Hitachi Vantara Pentaho Community Forums
Page 1 of 2 12 LastLast
Results 1 to 10 of 11

Thread: Feature enhancements expected

  1. #1

    Default Feature enhancements expected

    Attachment: chef_sample.jpg Hi Matt


    I've been trying to evaluate kettle to see if it can solve some of my complex data loading/transformation requirements and got stuck up with some show stoppers! Following are some enhancements that I feel is going add great value.



    1. In the input steps (text,excel,xbase..), I noticed that rownumber does not get reset when there are multiple files being read. Is it possible to have an option to reset the rownumber to 1 when the source file changes.

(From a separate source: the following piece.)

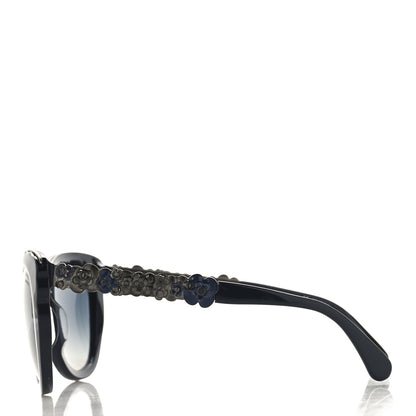 Chanel CC Butterfly Fall Sunglasses 5356 Dark Blue 3 of 7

    2. XBASE input step. Is it possible to have wildcard input files (*.dbf) from specific directories like you have for the other input steps.



    3. Table Output Step: Is it possible to have an option to COMMIT only if a complete source file is successfully processed. ( assume i am reading *.csv in the input step, then commit with every change in source file). This could be implemented as - If the value of input column "_" changes then COMMIT.



    4. IN SPOON: There is definitly a requirement to read multiple files (*.csv) from a source directory and move the processed file to a processed or error directory at the end of the transformation. This is better than having to do complex workarounds in CHEF on how to create a shell script that knows which files were successfully processed and which files had errors.



    5. In CHEF, Is it possible to have a directory reader step. Lets say get *.csv filenames. For each file found by the step provide the filename to a transformation as an parameter. Once the transformation is completed, I can then have a shell script to move the file to a processed_files or error_files directory.



    6. In CHEF, Is it possible for the SMTP step to pick the email addresses (to,cc,bcc) from a database query. If I've got a 100 jobs setup and because the email addresses keep changing, managing the jobs is a nightmare.



    Regards
    Biju

  2. #2
    Join Date
    Nov 1999
    Posts
    9,729

    Default RE: Feature enhancements expected

    Hi Biju,

    For your tracking pleasure I added the following trackers:

    Change Request - [# 1697] TextFileInput: reset rownumber when a new file is processed.
    Change Request - [# 1698] XBASE Input : add support for wildcards for filenames
    Change Request - [# 1699] Chef: Create new "For each" job entry
    Change Request - [# 1700] SMTP job entry: allow parameterising

    As for the other questions:

    3) The database handling will change dramaticlly towords the end of the year.
    In the mean-time just put the commit size to 99999999 (turn of batch processing)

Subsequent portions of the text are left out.